When the Soviet Union invaded Afghanistan late in 1979, some Western analysts felt the invasion might have been prompted by Russian fears of an Islamic rebellion among the non-Russian, Moslem residents of the U.S.S.R., many of whose lands were forcibly seized by Tsarist troops in the 19th century. As Nora Beloff makes quite clear in her discussion of Russia’s “hundred-headed hydra,” such fears are now a permanent part of the Soviet scene, particularly since the non-Russians today number about as many as the Russians themselves. Miss Beloff’s discussion of the disruptive potential of national forces building up in Soviet society is based upon a firsthand, longtime knowledge of Russia. The British journalist and author served as Moscow correspondent for The Observer during the Khrushchev era and has traveled extensively through the Soviet Union.

In the past, children’s literature has had little appeal to the English departments of American higher learning. Now this situation may be changing, with such literature becoming a matter of greater scholarly concern. If so, much of the credit for this change is due to Francelia Butler, founder of the Journal of Children’s Literature, an annual publication of the Yale Press, the latest issue of which contains articles by such distinguished authors as Alison Lurie, Robert Coles, and Roger Sale. Mrs. Butler is a professor of English at the University of Connecticut and the author of Sharing Literature with Children and Master-works of Children’s Literature, 1550—1739.

As readers of her essay will see, Molly Ingle Michie was an extraordinary woman. The wife of a lawyer and Virginia legislator, Thomas J. Michie, Jr. , she left this explanation of why she decided to put down her thoughts and feelings during the sunset of her life: “By describing my losing battle with cancer I don’t intend to discourage other people who are currently doing battle with the malady. Mine is a very rare form of the disease, almost impossible to diagnose in the early stages and not as responsive as most malignancies to treatment.
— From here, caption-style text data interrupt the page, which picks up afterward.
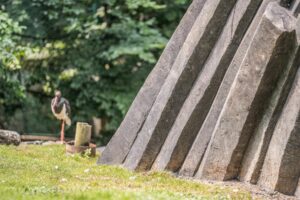 Detail paty umělé skály ze stříkaného betonu - imitace čedičových varhan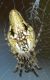 Manzoni 21mg20 005mod.jpg
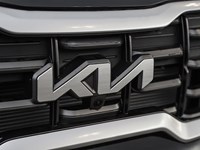 2025 Kia Telluride SX Limited AWD w/Black Interior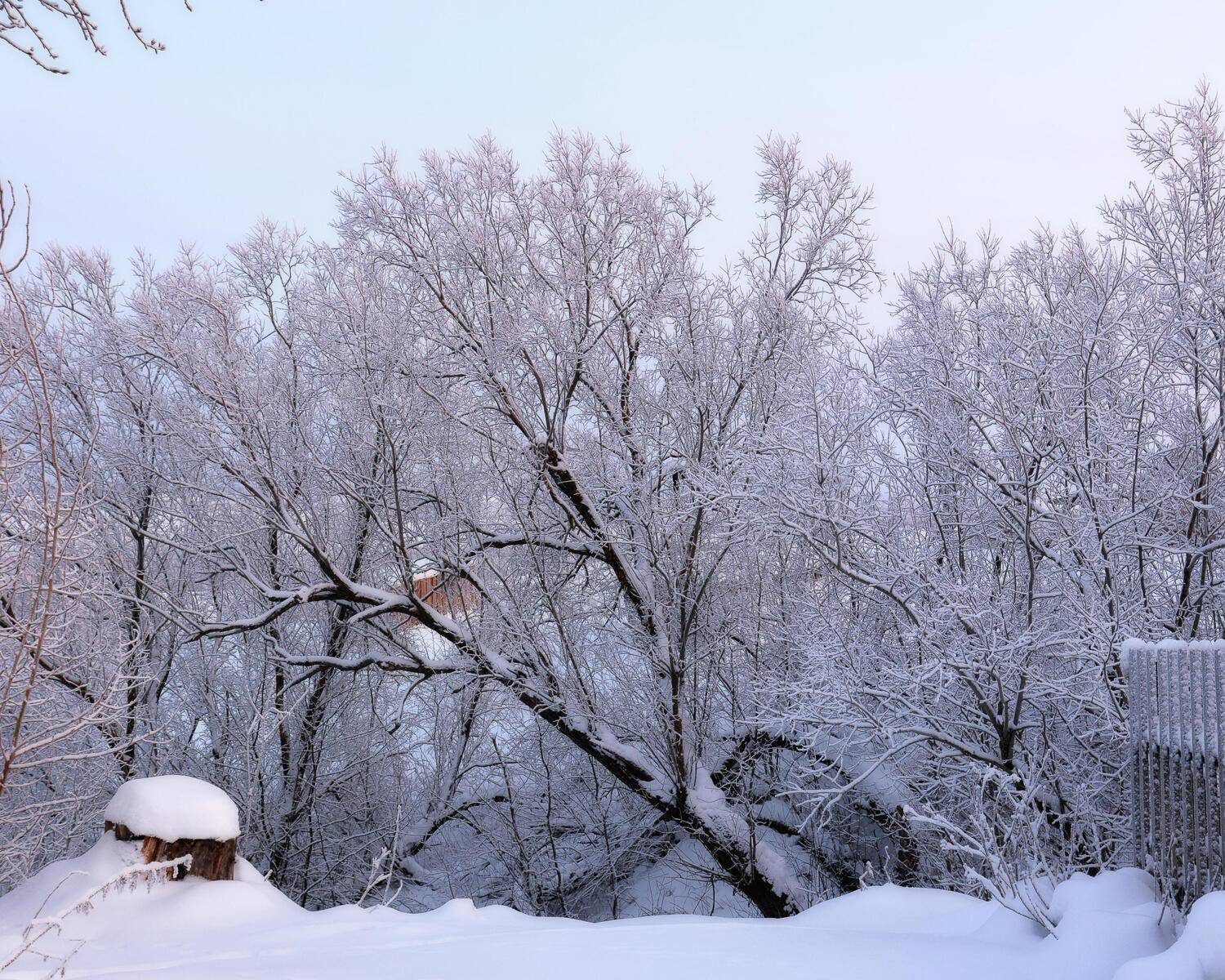 , Александр Титов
Most cancer victims can win their battles. This essay is not for cancer victims, anyway. It is for anyone who ever expects to die and is frightened at the prospect. It is particularly for those who will die without the comfort of a strong religious faith.”

Although Joan Millman is making her VQR debut, she is an experienced writer of both fiction and nonfiction. Her short stories have appeared in such magazines as Ascent, Cimarron Review, and the Carolina Quarterly. She is a coauthor of four books in early childhood education, of which she has an intimate knowledge as a mother of four. Holder of a master’s degree in creative writing from Brown University,Miss Millman is now working on her first novel.
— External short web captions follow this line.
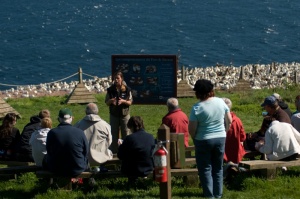 Educational activity on the gannet colony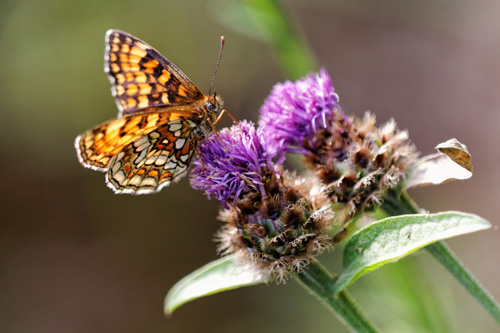 8 conseils pour traiter vos images nature avec DxO Optics Pro : le tutoriel pas à pas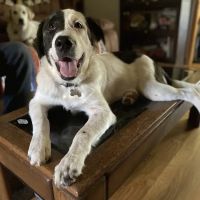 Animal Medical Center ico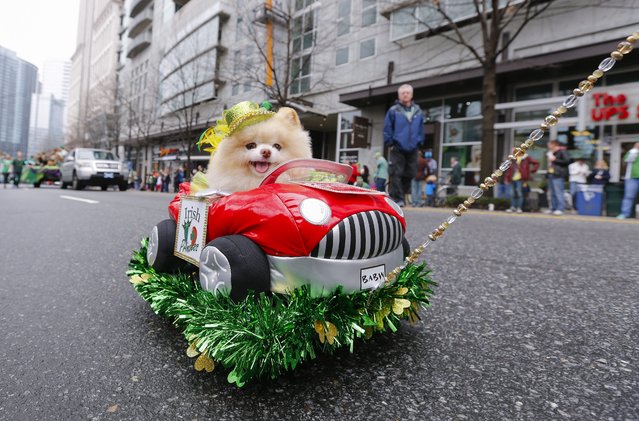 A therapy Pomeranian dog is pulled along during the 133rd Atlanta St. Patrick's Parade in Atlanta, Georgia, USA, 14 March 2015. The parade dates back to 1858, one of the oldest in the United States. Saint Patrick's Day celebrates Ireland's patron saint on the anniversary of his death, 17 March, in the fifth century. (Photo by Erik S. Lesser/EPA)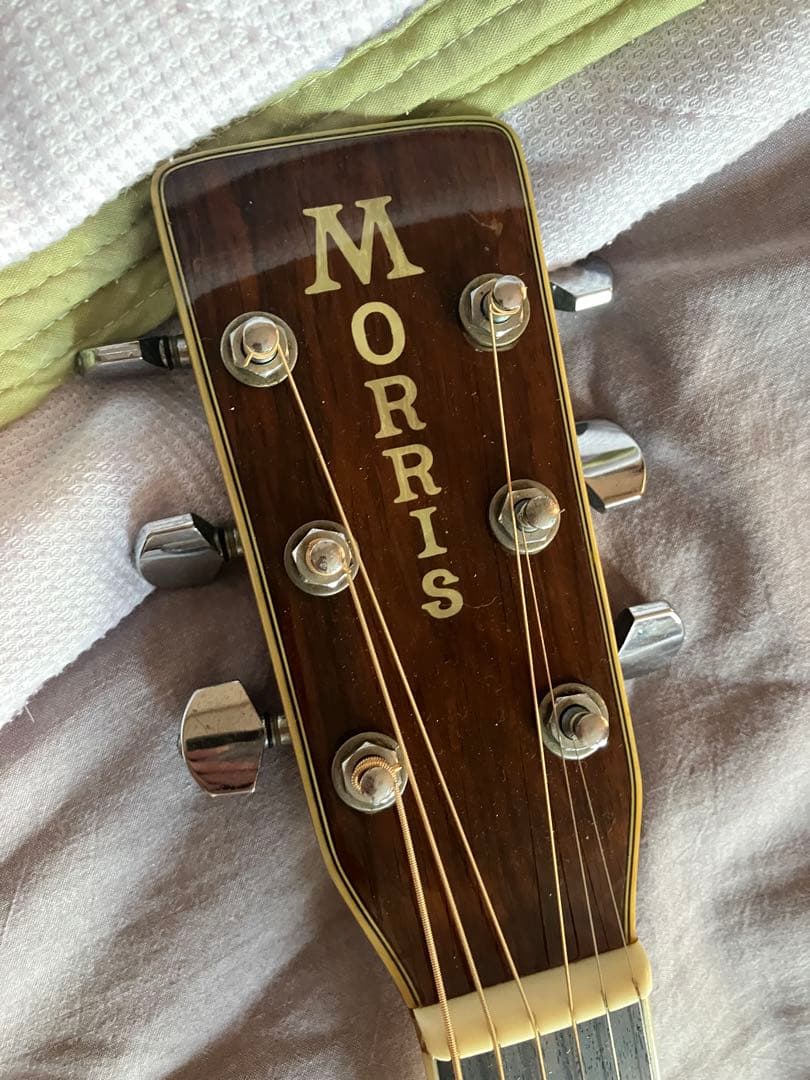 morris モーリス　W-40 アコースティックギター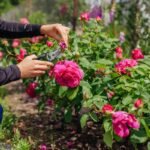 These Stunning Flowers Keep Blooming Without Deadheading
As the seemingly unending flow of books about Virginia Woolf reminds us, contemporary interest in the Bloomsbury set is high. One of the more eminent members of that set was, of course, the author of Eminent Victorians, Lytton Strachey. But, as John Halperin shows, Eminent Victorians as history is mostly bunk. A professor of English at the University of Southern California, Mr. Halperin has been a fellow of the Rockefeller Foundation, the John Simon Guggenheim Memorial Foundation, and is completing a year on leave in England. He is the author of two books on the Victorian novel, one on Jane Austen, and, most recently, Trollope and Politics.

Among Strachey’s prominent contemporaries were poet T. S. Eliot and man-forall-seasons Wyndham Lewis. Their long friendship is the subject of Jeffrey Meyers’ essay. A member of the English Department at the University of Colorado, the prolific Mr. Meyershas recently completed a 500-page biography of Wyndham Lewis. He is also the author of a new biography of Katherine Mansfield and is completing the Critical Heritage volume on Ernest Hemingway. He is currently Visiting Professor at the University of Kent in Canterbury.

Among English eccentrics, the Sitwell family ranks high. Sir George Sitwell let his wife, the granddaughter of a duke, go to prison for three months rather than settle her debts to a crooked moneylender. The couple’s three gifted children, Osbert, Edith, and Sacheverall, each showed that there is truly an art to being a Sitwell, and each made a considerable contribution to the arts. Their literary lives are examined by Richard Jones, a Welsh-born journalist and novelist who now resides in London.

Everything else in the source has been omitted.